> TASK DESCRIPTION
Type out the data exactly as given. Skip any image.

> STORED DATA
┏━━

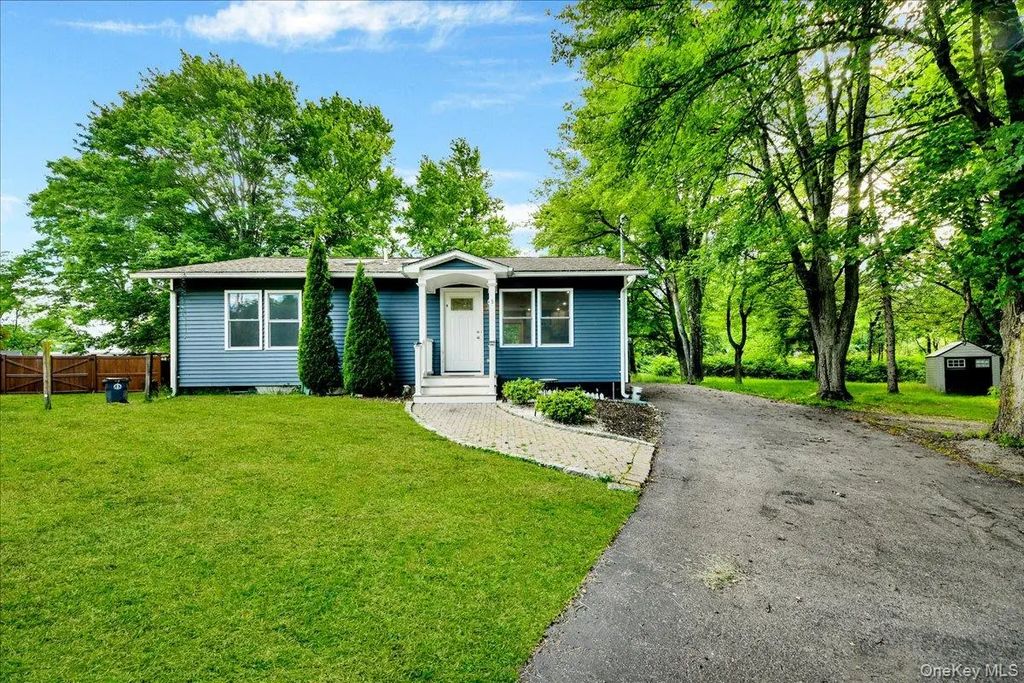 9 Hillside Close, White Plains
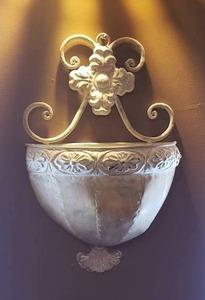 lot 159 image: Decorative 18 Wall Planter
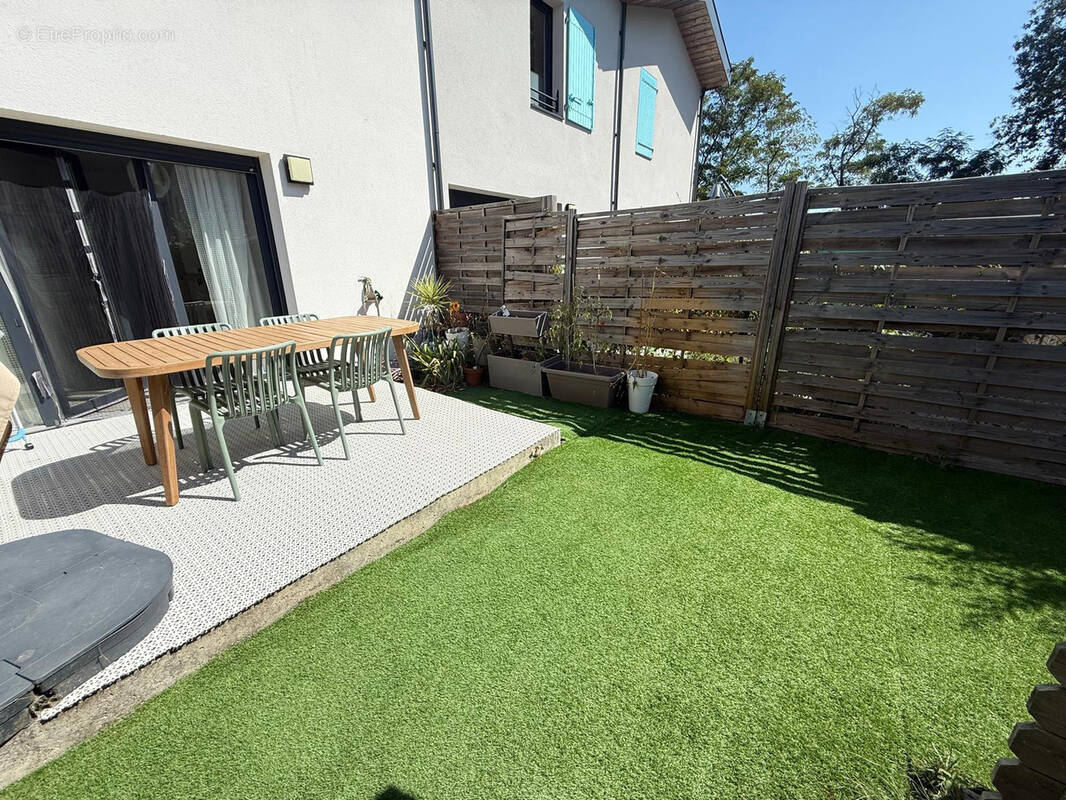 Maison à PAREMPUYRE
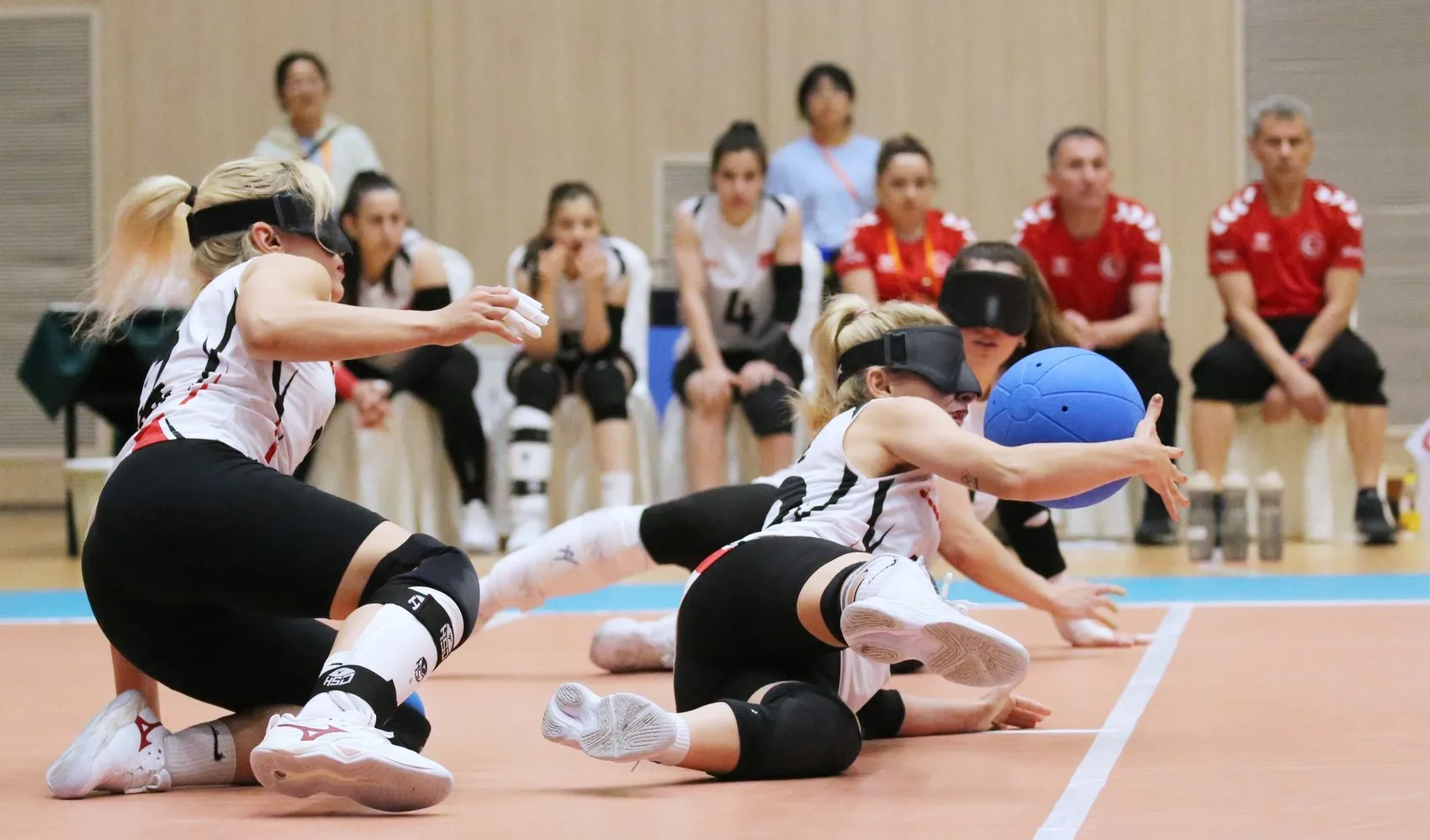 Milli kadınlar Brezilya engelini aşıp yarı finale yükseldi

┗━━

> FINISHED EXERCISE
 9 Hillside Close, White Plains
 lot 159 image: Decorative 18 Wall Planter
 Maison à PAREMPUYRE
 Milli kadınlar Brezilya engelini aşıp yarı finale yükseldi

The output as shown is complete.